> **Short descriptive text snippets**

┏━━

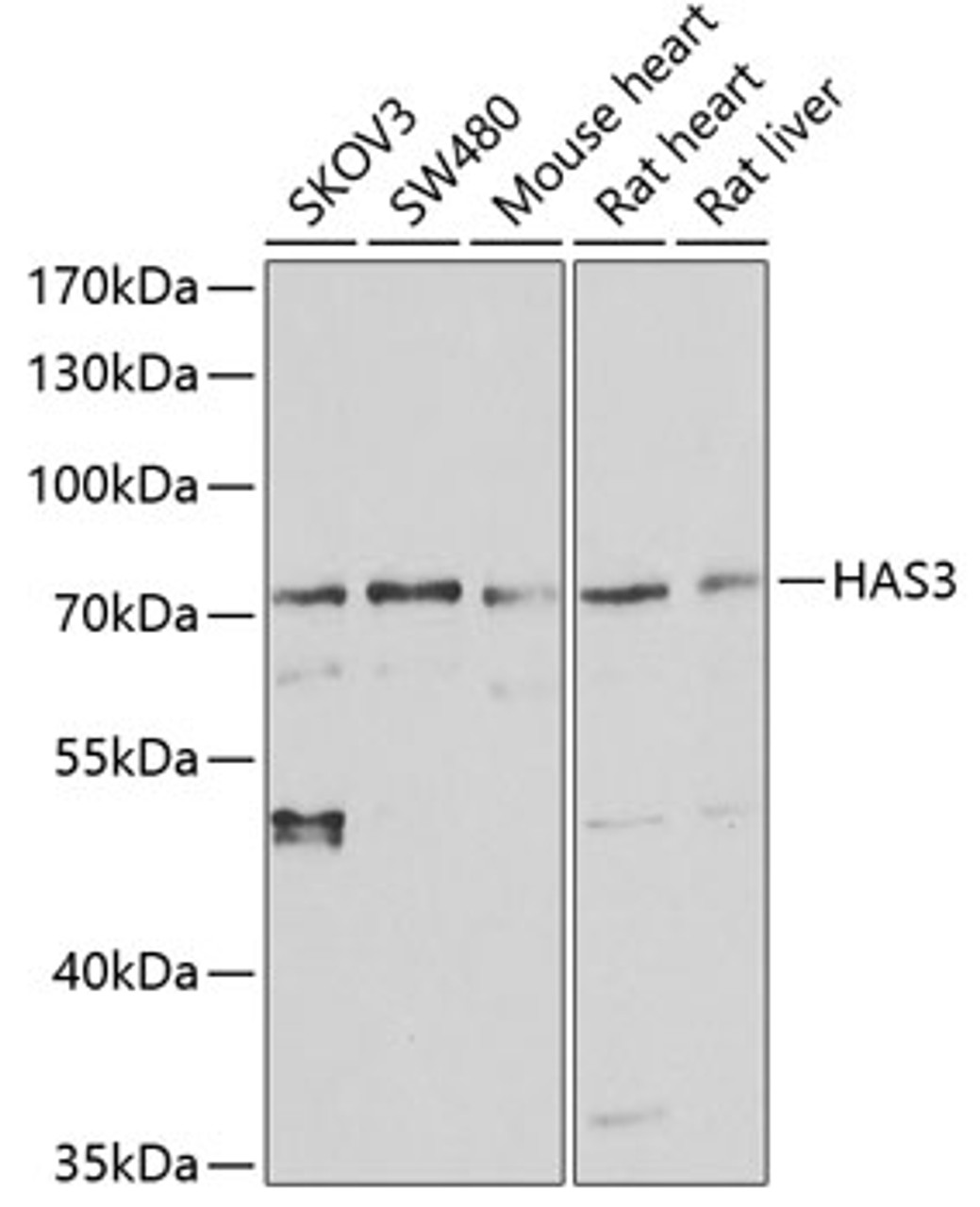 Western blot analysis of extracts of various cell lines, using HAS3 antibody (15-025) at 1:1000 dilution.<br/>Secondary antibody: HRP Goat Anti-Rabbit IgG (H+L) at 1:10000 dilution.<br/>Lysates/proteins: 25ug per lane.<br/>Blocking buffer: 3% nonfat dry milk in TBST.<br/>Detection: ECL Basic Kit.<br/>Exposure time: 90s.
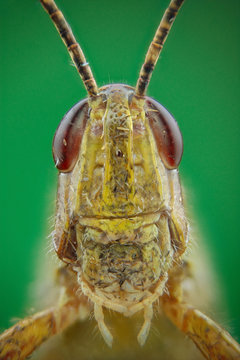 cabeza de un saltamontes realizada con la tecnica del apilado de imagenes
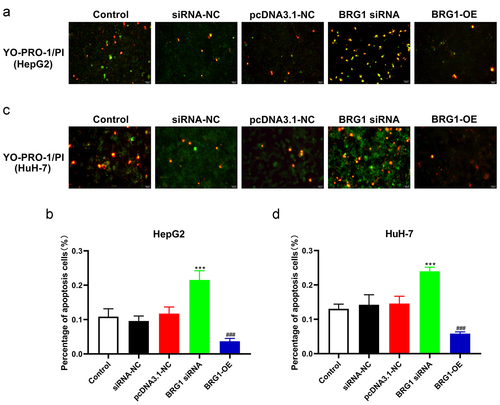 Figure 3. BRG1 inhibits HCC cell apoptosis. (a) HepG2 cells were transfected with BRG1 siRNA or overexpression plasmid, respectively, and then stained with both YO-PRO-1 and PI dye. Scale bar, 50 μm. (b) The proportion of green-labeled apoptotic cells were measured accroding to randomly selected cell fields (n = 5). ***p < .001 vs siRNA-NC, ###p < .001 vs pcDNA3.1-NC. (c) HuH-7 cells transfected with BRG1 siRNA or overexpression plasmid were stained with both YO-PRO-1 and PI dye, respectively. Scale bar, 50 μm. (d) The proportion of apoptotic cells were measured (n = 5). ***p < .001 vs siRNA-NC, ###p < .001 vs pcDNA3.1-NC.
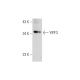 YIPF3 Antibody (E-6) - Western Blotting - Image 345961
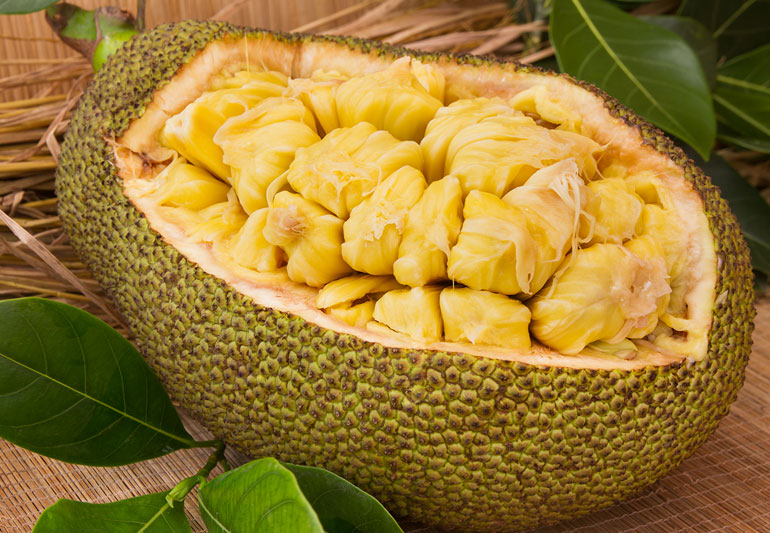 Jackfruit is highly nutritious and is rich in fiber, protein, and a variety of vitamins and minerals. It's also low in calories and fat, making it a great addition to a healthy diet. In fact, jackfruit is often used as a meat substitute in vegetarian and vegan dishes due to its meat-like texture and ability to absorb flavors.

┗━━

> **WHAT THE TASK ASKS**
Reproduce the data exactly, please, and omit its pictures.

> **ANSWER TO THE EXERCISE**
 Western blot analysis of extracts of various cell lines, using HAS3 antibody (15-025) at 1:1000 dilution.<br/>Secondary antibody: HRP Goat Anti-Rabbit IgG (H+L) at 1:10000 dilution.<br/>Lysates/proteins: 25ug per lane.<br/>Blocking buffer: 3% nonfat dry milk in TBST.<br/>Detection: ECL Basic Kit.<br/>Exposure time: 90s.
 cabeza de un saltamontes realizada con la tecnica del apilado de imagenes
 Figure 3. BRG1 inhibits HCC cell apoptosis. (a) HepG2 cells were transfected with BRG1 siRNA or overexpression plasmid, respectively, and then stained with both YO-PRO-1 and PI dye. Scale bar, 50 μm. (b) The proportion of green-labeled apoptotic cells were measured accroding to randomly selected cell fields (n = 5). ***p < .001 vs siRNA-NC, ###p < .001 vs pcDNA3.1-NC. (c) HuH-7 cells transfected with BRG1 siRNA or overexpression plasmid were stained with both YO-PRO-1 and PI dye, respectively. Scale bar, 50 μm. (d) The proportion of apoptotic cells were measured (n = 5). ***p < .001 vs siRNA-NC, ###p < .001 vs pcDNA3.1-NC.
 YIPF3 Antibody (E-6) - Western Blotting - Image 345961
 Jackfruit is highly nutritious and is rich in fiber, protein, and a variety of vitamins and minerals. It's also low in calories and fat, making it a great addition to a healthy diet. In fact, jackfruit is often used as a meat substitute in vegetarian and vegan dishes due to its meat-like texture and ability to absorb flavors.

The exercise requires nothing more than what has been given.